Side Impact Analysis of the Bus Frame Structure

Abstract

Vehicle bodies and structures should be designed to absorb and redistribute as much impact energy as possible, thus protecting the driver and passengers from injury. The deformation zone of the vehicle in the case of a side impact is smaller than in the case of a front impact. A side impact collision directly affects the structure of the vehicle. Composite materials may be used in the structure to reduce vehicle weight and improve vehicle deformation. Bodies and structures where composite materials are used have a higher SEA value. Using Ansys software package according to UN / ECE Regulation No. 95, a side impact simulation, when a deformable barrier moving at a speed of 50 km/h impact to a structure was performed. The simulation was performed with a steel and hybrid bus frame structure. The simulation results show that the deformation of the hybrid frame structure is close to the deformation of the steel frame structure and the SEA value is 12% higher.

1 Introduction

Side impact accidents are one of the most dangerous accidents that happen every day. Although according to Liang and Le [1] the most dangerous accident for buses is a rollover. According to the sources that provide accident statistics by type of accident side impact accidents account for about 20% of all accidents. The incidents of corner, front and rear collisions respectively are as follows: 30%; 4%; 46% [2]. In 2018 9,670,000 traffic accidents related to vehicle collisions were recorded in the United States. The number of side-on-road accidents recorded in Europe is around 35–40% of all vehicle-related accidents [3].

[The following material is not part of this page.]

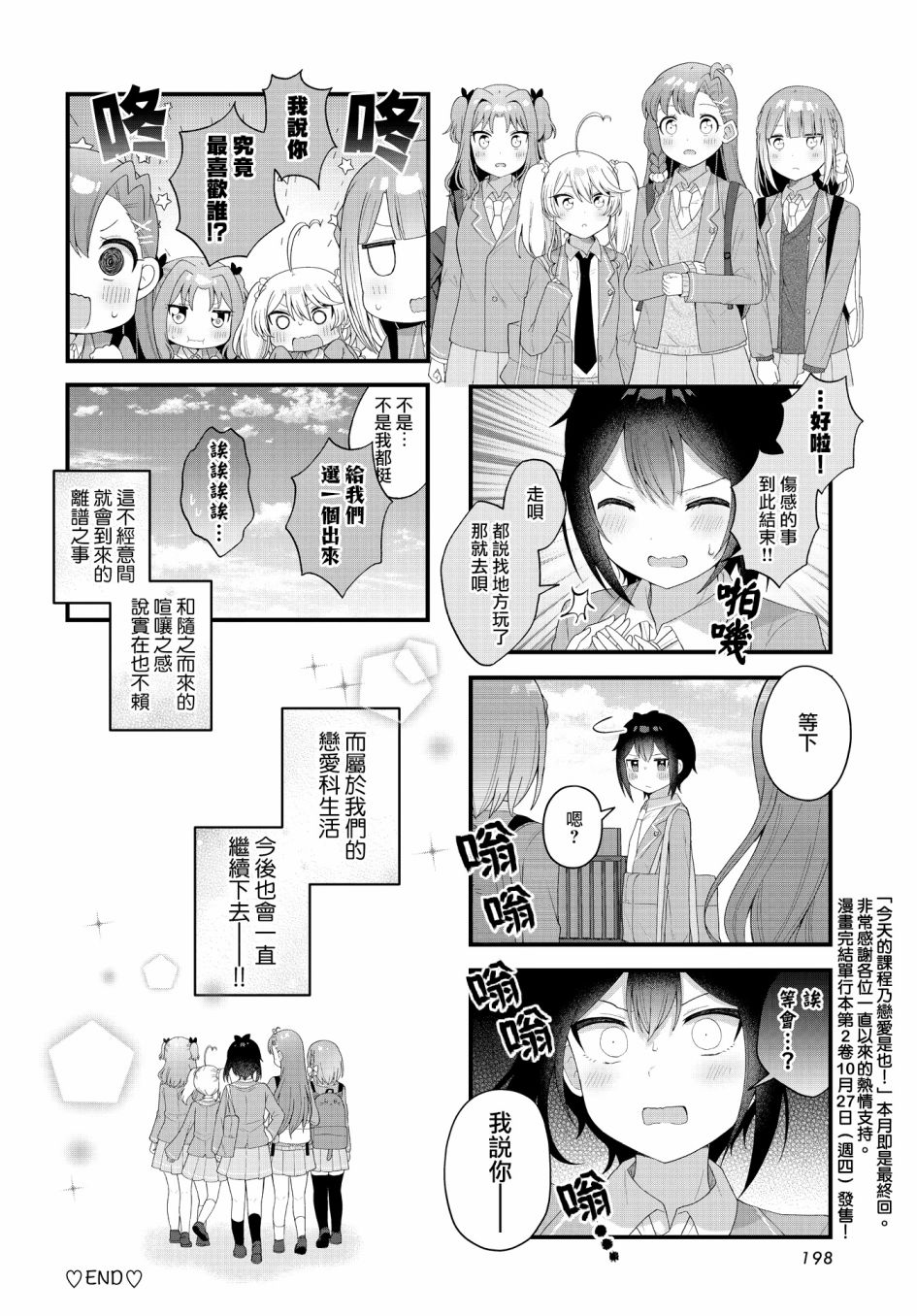 第24话7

The consequences of side impact accidents are painful not infrequently resulting in passenger deaths. The deformation zone of the vehicle in the case of a side impact is smaller than in the case of a front impact. The impact of a side impact is directly affected by the structure of the vehicle, which affects the safety of the occupants. Unlike in the case of a frontal or rear impact in the case of a side impact the impact energy is transmitted directly to the vehicle structure which directly affects the occupants. The structure of the vehicle should be constructed that in the event of a side impact accident, the structure absorbs the energy of the side impact and protects the occupants from injury in the event of an accident. Side beams and reinforcement elements should withstand side impact force, absorb energy and protect occupants [4, 5].

The risk of side impact is distinguished by the fact that it is not possible to fit sufficient deformation zones in the lateral parts of vehicle structures as in the front and rear parts of vehicles. This limitation is even more pronounced in frame structures where square or rectangular profiles are used instead of shaped steel sheets. In order to minimize the consequences of a side impact vehicles shall be designed in a variety of ways to efficiently absorb the energy generated by the side impact so that it passes as little as possible to the occupants inside the vehicle.

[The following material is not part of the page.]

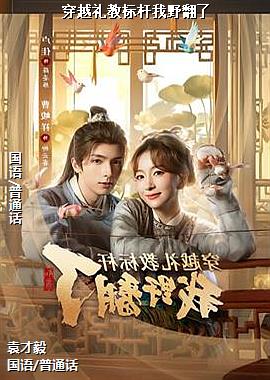 ��Խ��̱����Ұ����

Composite materials can be used in structures to increase the amount of impact energy absorbed. However, replacing steel with a fiberglass composite can lead to unacceptable deformations of the bus frame structure that may not ensure the safety of the driver or passengers in the event of a traffic accident leading to safety tests modeling various impact scenarios [6].

2 Methodology

Safety tests shall be performed to assess the strength and safety of the vehicle and the load on the driver and passengers. Side impact tests may be carried out in accordance with various requirements, directives, rules or standards:

• Federal Motor Vehicle Safety Standard (FMVSS 214). The barrier strikes a stationary vehicle at a speed of 54 km/h. In this test, the barrier is inclined by 27 degrees, so that the speed of the barrier splits into two components: a speed of 48 km/h in the direction of the Y axis and a speed of 25 km/h in the direction of the X axis. The width of the barrier is 1,676 mm and the ground clearance is 279 mm. The ground clearance of the deformable element is 330 mm. The weight of the barrier is 1,368 kg. The dummies are used in the front and rear seats;

• side impact test according to (UN / ECE) Regulation No. 95. A movable deformable barrier (MDB) strikes the test vehicle at a speed of 50 km/h. The barrier and the vehicle are arranged so that an angle of 90 degrees is formed between them. The barrier mass is 950 kg and a width of 1,500 mm. The ground clearance of the deformable element is 300 mm. The dummies are used only in the driver's seat [7].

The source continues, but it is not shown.